(SOURCE MATERIAL)

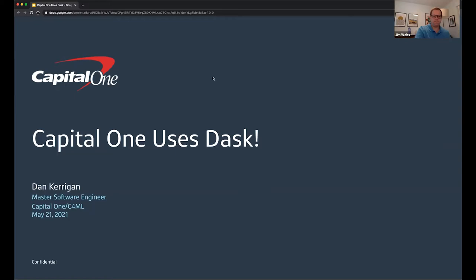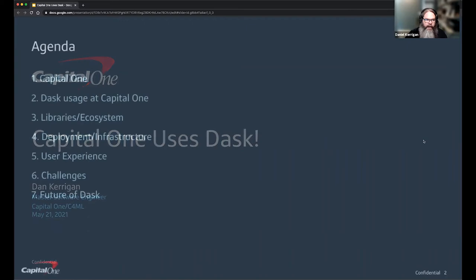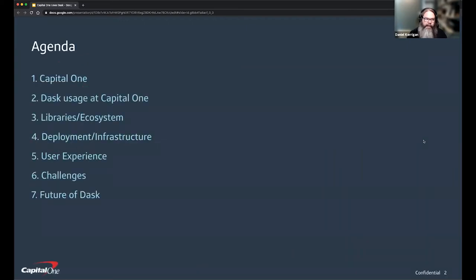Thank you very much. This talk is entitled 'Capital One Uses Dask!' — named that way because when they solicited for talks, they said make it exciting, so what better way? My name is Dan Kerrigan. I'm a software engineer at Capital One. I work in the C4ML department — the Center for Machine Learning — on a team called ML Tools, devoted to accelerating machine learning within Capital One. Today we're going to talk about Capital One, Dask usage there, the libraries and ecosystem we use, our deployment and infrastructure strategies, the user experience, challenges, and finally the future of where we're going.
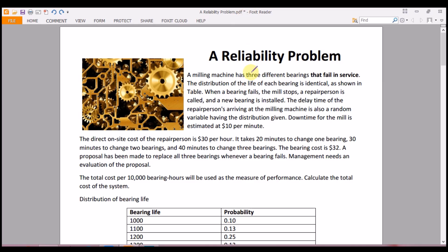The reliability problem basically deals with when any one of the components fails and how reliable the system is so that it can recover from the failure and start working normally. A common example of this is a milling machine with gears and bearings. Basically, when the bearing fails, how much time does it take to be fixed and start working normally again?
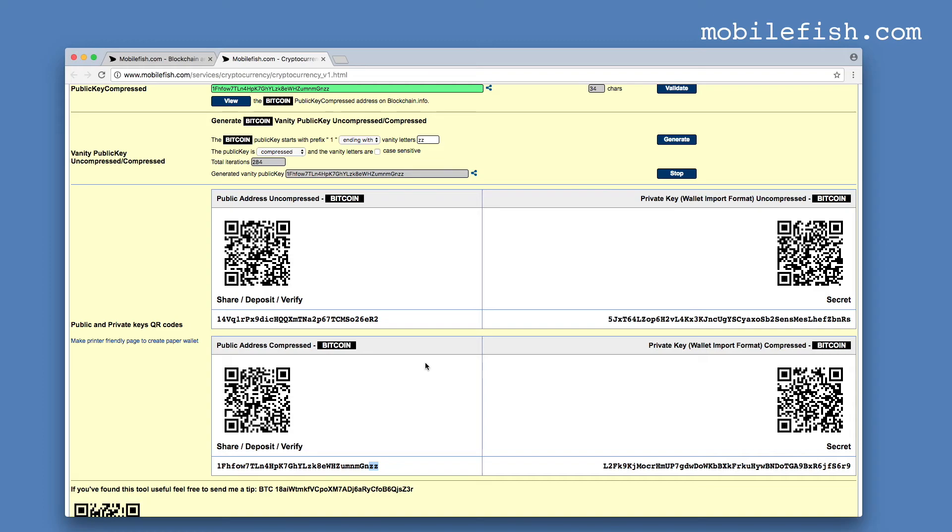Please note that this online tool is not optimized to generate vanity addresses. If your vanity letters are between 1 and 3 characters long, the address can be easily generated. If it is 4 or more characters, then it can take a long time to generate address, think hours or days.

(End SOURCE MATERIAL)

Set down the material exactly, every line of it, except for the pictures.

● EXERCISE RESULT
Thank you very much. This talk is entitled 'Capital One Uses Dask!' — named that way because when they solicited for talks, they said make it exciting, so what better way? My name is Dan Kerrigan. I'm a software engineer at Capital One. I work in the C4ML department — the Center for Machine Learning — on a team called ML Tools, devoted to accelerating machine learning within Capital One. Today we're going to talk about Capital One, Dask usage there, the libraries and ecosystem we use, our deployment and infrastructure strategies, the user experience, challenges, and finally the future of where we're going.
The reliability problem basically deals with when any one of the components fails and how reliable the system is so that it can recover from the failure and start working normally. A common example of this is a milling machine with gears and bearings. Basically, when the bearing fails, how much time does it take to be fixed and start working normally again?
Please note that this online tool is not optimized to generate vanity addresses. If your vanity letters are between 1 and 3 characters long, the address can be easily generated. If it is 4 or more characters, then it can take a long time to generate address, think hours or days.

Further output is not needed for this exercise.